▼▼▼

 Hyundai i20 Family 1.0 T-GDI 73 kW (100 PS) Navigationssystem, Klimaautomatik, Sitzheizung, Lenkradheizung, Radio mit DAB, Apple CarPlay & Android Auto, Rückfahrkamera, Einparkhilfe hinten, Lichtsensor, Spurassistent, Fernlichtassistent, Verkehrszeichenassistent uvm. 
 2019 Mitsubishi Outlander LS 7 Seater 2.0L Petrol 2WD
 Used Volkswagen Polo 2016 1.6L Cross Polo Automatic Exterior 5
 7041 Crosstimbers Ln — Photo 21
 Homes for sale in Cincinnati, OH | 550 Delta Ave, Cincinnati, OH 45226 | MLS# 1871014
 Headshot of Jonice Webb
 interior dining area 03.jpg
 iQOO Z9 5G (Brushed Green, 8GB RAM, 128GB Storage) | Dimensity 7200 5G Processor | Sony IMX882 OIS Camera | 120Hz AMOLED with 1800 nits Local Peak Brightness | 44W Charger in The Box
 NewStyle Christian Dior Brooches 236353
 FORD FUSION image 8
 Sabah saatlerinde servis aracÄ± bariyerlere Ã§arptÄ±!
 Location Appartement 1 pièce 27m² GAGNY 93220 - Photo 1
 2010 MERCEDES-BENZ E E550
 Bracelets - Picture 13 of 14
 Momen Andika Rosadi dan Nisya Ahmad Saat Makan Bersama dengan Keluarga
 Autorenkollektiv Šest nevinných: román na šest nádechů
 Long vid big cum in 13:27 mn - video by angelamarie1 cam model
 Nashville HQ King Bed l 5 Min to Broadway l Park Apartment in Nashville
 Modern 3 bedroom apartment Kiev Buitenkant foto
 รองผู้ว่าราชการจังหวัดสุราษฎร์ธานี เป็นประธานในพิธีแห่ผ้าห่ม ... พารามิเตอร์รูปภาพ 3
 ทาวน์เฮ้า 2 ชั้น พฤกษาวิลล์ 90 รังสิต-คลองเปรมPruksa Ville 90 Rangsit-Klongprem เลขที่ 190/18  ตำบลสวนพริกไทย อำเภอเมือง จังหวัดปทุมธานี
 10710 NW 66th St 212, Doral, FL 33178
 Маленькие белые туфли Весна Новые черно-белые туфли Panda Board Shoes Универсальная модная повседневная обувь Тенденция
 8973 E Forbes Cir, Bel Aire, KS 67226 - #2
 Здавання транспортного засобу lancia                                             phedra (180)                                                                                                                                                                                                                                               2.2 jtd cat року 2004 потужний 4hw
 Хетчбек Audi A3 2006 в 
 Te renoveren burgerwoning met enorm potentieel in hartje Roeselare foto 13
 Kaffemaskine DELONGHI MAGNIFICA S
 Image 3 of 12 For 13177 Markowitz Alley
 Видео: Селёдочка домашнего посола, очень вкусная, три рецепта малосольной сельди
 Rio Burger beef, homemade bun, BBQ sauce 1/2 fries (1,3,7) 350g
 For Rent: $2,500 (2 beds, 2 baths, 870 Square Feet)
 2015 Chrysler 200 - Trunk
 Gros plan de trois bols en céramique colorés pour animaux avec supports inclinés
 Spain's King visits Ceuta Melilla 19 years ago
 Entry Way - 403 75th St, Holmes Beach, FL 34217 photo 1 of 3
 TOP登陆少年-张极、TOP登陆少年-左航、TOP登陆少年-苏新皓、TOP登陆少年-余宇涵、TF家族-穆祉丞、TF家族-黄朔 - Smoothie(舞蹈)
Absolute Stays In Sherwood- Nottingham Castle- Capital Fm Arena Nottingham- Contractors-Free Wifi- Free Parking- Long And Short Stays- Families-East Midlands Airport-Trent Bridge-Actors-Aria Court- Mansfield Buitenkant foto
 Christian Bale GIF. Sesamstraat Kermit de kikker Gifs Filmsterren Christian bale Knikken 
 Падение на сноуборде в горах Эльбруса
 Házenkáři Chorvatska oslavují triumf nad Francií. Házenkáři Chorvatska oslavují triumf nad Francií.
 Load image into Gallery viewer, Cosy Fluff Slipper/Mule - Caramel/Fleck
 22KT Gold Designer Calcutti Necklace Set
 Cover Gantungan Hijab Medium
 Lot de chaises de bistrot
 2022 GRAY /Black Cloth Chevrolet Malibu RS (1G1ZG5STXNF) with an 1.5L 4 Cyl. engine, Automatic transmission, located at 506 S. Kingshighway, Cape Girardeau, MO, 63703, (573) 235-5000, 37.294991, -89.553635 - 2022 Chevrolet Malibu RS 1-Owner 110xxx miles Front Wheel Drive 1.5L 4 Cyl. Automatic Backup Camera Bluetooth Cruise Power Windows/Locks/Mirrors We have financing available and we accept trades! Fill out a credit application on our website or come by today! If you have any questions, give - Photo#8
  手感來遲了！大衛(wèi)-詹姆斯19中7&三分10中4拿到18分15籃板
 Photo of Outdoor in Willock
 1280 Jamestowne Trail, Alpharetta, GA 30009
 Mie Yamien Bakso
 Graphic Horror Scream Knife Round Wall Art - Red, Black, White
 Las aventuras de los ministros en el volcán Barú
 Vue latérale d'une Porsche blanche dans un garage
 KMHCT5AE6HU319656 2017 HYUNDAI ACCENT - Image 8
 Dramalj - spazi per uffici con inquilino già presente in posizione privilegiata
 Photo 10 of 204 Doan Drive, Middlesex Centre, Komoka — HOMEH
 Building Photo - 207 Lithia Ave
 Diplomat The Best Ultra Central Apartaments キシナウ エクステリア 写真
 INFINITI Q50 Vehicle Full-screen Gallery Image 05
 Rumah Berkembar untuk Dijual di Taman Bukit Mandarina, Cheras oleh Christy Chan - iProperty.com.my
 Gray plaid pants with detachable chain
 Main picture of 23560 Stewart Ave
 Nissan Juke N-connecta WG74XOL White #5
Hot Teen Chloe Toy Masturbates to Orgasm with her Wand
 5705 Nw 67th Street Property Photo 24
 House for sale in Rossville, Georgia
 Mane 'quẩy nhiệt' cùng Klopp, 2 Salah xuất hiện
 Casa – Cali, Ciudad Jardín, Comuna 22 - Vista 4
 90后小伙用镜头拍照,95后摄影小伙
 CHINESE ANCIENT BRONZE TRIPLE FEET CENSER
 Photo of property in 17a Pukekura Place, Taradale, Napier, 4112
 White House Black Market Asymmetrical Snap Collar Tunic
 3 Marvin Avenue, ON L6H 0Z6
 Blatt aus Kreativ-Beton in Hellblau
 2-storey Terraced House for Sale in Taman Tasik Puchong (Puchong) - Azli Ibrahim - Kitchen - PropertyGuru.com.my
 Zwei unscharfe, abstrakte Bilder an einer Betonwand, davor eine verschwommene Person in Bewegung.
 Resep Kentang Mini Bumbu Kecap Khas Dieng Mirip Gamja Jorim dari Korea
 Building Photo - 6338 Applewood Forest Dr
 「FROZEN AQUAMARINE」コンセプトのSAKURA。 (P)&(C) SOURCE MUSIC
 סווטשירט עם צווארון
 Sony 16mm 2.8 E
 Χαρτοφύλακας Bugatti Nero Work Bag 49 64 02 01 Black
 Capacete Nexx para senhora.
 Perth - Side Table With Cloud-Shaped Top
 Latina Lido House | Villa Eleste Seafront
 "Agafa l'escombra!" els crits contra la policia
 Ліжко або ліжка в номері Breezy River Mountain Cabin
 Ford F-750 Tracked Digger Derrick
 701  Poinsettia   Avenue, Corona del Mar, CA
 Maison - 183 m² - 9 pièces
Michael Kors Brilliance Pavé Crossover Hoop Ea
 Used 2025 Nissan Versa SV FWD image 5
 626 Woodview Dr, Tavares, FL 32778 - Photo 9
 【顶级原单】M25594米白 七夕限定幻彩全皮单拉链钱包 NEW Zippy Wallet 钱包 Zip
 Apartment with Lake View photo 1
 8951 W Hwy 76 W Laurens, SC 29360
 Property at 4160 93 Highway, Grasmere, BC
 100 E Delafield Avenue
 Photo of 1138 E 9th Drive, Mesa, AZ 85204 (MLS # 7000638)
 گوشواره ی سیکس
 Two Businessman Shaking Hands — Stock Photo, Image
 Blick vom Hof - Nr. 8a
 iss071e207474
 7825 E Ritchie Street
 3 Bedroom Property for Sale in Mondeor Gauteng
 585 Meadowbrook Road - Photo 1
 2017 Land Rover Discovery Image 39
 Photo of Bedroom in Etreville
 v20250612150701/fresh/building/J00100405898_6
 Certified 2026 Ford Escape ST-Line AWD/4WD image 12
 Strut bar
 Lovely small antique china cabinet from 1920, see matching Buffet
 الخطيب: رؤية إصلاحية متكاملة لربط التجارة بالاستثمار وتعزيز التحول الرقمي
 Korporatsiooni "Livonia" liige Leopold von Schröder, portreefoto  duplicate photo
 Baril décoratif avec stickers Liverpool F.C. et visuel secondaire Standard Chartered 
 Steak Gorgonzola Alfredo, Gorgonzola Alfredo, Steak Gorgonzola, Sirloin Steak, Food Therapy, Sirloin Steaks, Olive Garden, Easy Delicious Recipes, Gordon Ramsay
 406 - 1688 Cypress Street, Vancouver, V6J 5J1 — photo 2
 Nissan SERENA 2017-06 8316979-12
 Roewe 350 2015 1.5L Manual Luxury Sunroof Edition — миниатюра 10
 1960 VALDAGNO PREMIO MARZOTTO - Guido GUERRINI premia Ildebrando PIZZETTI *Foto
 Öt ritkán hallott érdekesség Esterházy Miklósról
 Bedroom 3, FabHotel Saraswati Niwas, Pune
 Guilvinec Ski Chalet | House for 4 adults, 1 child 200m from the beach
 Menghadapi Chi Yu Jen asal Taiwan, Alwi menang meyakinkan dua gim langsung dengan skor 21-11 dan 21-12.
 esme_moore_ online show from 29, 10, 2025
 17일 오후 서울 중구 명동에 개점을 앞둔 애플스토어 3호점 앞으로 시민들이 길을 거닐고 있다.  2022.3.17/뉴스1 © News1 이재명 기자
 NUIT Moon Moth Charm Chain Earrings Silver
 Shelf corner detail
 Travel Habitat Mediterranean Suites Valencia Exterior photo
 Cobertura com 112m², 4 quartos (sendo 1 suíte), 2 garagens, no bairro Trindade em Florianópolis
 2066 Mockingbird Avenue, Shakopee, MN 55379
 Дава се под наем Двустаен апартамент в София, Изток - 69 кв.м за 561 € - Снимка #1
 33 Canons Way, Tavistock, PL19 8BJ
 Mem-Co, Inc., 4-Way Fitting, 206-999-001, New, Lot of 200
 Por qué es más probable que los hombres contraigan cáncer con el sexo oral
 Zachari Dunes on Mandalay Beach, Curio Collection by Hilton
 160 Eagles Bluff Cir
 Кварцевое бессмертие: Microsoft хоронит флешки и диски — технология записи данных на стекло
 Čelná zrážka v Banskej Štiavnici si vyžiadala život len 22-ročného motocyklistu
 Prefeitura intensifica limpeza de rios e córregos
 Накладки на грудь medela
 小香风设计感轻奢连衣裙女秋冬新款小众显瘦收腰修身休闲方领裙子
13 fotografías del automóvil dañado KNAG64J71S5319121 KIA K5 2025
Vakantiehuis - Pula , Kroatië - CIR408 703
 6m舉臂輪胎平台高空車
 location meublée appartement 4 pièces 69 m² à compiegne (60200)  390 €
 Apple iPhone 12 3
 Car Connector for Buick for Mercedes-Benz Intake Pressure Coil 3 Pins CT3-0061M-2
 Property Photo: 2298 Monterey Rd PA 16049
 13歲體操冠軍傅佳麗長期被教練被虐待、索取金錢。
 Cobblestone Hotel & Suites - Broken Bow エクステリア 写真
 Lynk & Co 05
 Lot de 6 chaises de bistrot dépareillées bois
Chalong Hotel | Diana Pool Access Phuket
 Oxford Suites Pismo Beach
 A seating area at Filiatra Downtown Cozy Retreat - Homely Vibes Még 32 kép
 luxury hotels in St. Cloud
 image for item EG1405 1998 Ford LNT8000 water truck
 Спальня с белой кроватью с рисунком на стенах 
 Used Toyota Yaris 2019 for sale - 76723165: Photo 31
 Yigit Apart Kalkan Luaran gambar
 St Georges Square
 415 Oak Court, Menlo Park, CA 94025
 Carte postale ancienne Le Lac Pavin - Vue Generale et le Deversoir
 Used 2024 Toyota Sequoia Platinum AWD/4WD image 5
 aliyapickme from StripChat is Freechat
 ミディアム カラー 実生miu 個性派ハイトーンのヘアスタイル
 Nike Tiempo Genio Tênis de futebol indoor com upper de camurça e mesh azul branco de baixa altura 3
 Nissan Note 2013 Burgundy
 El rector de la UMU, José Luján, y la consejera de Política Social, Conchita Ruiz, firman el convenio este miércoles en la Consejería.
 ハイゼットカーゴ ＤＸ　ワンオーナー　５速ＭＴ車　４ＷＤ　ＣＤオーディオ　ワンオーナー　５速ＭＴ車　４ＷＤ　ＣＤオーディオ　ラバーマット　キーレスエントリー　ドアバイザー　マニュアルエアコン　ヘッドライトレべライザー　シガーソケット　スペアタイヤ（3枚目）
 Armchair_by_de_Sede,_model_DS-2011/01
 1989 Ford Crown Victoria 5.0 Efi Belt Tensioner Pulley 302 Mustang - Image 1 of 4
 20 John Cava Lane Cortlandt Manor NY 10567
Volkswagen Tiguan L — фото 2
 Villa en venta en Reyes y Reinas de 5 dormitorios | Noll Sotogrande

▲▲▲

Copy every line from the data that includes the string "Square".

__ANSWER BOX__:
 For Rent: $2,500 (2 beds, 2 baths, 870 Square Feet)
 St Georges Square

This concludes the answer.